__WORK REQUEST__. What is needed is an exact copy of the entries below, from the line that contains "Jangan Ketinggalan! Menabung" through the final line, both included, and nothing else.

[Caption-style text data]

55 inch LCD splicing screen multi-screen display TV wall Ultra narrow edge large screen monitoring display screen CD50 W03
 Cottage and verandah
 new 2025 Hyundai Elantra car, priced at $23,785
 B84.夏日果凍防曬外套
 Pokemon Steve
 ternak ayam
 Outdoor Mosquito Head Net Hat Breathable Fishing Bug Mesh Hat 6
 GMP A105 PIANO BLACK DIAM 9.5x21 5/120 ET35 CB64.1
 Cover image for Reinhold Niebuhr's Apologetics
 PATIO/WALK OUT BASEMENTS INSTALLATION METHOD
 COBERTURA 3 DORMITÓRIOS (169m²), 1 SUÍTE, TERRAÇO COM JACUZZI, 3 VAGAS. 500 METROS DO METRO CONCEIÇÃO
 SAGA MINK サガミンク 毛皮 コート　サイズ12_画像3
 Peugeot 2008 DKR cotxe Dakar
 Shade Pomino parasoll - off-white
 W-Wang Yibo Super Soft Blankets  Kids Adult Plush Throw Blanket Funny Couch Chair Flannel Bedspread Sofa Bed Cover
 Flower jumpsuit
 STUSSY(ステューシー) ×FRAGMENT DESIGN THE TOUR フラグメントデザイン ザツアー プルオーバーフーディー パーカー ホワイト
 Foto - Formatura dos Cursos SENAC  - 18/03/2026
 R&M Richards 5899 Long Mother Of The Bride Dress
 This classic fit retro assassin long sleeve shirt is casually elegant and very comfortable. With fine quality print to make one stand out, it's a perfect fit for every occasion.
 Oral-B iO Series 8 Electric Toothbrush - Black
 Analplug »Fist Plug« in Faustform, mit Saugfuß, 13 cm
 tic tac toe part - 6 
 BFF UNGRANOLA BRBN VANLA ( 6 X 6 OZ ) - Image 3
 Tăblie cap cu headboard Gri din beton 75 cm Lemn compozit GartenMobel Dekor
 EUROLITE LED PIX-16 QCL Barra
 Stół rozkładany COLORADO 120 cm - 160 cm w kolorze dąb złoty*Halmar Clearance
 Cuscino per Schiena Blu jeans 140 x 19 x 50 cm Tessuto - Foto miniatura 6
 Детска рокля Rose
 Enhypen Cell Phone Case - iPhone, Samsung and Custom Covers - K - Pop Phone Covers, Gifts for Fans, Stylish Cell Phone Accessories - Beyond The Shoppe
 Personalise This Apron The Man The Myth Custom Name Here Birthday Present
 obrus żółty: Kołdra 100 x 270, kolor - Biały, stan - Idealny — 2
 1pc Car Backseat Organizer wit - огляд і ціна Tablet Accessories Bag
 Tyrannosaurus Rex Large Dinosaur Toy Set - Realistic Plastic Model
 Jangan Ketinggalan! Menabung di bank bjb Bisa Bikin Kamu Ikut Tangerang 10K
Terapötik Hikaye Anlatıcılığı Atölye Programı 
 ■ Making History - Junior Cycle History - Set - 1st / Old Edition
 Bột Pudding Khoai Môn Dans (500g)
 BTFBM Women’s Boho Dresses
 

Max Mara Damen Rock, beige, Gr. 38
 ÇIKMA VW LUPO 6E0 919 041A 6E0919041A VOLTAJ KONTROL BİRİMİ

__SOLUTION__.
 Jangan Ketinggalan! Menabung di bank bjb Bisa Bikin Kamu Ikut Tangerang 10K
Terapötik Hikaye Anlatıcılığı Atölye Programı 
 ■ Making History - Junior Cycle History - Set - 1st / Old Edition
 Bột Pudding Khoai Môn Dans (500g)
 BTFBM Women’s Boho Dresses
 

Max Mara Damen Rock, beige, Gr. 38
 ÇIKMA VW LUPO 6E0 919 041A 6E0919041A VOLTAJ KONTROL BİRİMİ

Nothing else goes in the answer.